You can group each of the “Web x.x” as a different movement when it comes to internet usage. Web 1.0 is the movement that took place during the beginning of the internet.
Think AOL, Geocities, and Netscape.
Back then the primarily use of the internet was to take print media and post it online. Web 1.0 saw books, news, music and everything else being moved into a digital format. This movement is still going on and will probably never stop. This is because as new data becomes available it needs to be made available online, but the majority of the community has shifted focus toward data integration since there is not much innovation remaining in posting data online.
Now that brings us to Web 2.0. Many think that this is the current movement of the internet, and in some ways you are correct. After all this data was posted online with the Web 1.0 movement, the online community began to look for ways to share all of this data. The main question that drove this movement, “How can I take this data and share it with other people?” Since this question was asked, sites have popped up all over the internet trying to answer this question with different approaches. One of the most adopted solutions involves the idea of social networking.

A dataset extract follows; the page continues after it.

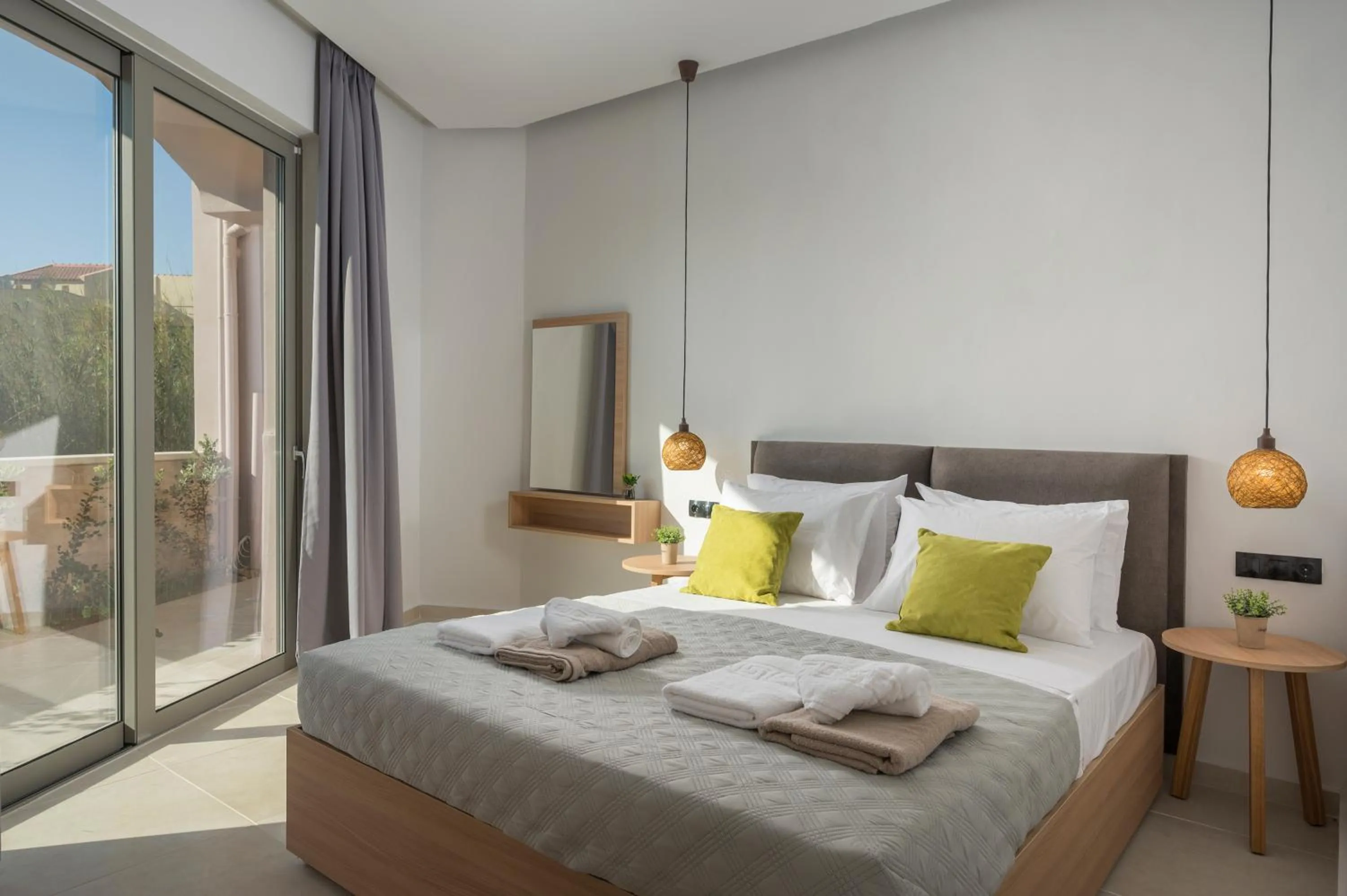 Bed in Aegean Breeze Luxury Apartments next to the sea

Facebook is a popular Web 2.0 site utilizing social networking as a solution
All of these sites, like Facebook, use the concept of a social networking to create a community. Each community member is responsible for contributing information to the rest of the users. Even though social networking is the most popular approach, another prominent approach is the development and utilization of web services. I wrote an article a few weeks ago about different web services and their technologies (REST and SOAP), and I mentioned that the majority of sites you visit have a web service running in the background. These services allow you to integrate data between sites through API’s (Application Programming Interface) such as you see on Flickr and Amazon. RSS/Atom feeds are also products of the Web 2.0 movement. This movement is still very much alive and being actively addressed.
Now to look into the upcoming movements, Web 3.0. It is difficult to define what Web 3.0 will be as you cannot define something that has yet to occur on a large scale. The best way I can define what we will see with this movement is the integration of data on the internet. Now that the data is online thanks to Web 1.0 and sites can share data through API’s and social networks (Web 2.0), the next obvious direction is to do something with this massive amount of data we have available. A common way of describing this is the use of internet as a platform. With Web 3.0 applications we will see the data being integrated and applying it into innovative ways that were never possible before. Imagine taking things from Amazon, integrating it with data from Google and then building a site that would define your shopping experience based on a combination of Google Trends and New Products. This is just a random (possibly horrible) example of what Web 3.0 applications will harness. An illustration would be to draw nodes to represent all the sites on the internet and then draw a new node. Draw lines from all those existing nodes into the one you just created. The consumption and presentation of the data is what Web 3.0 will potentially be.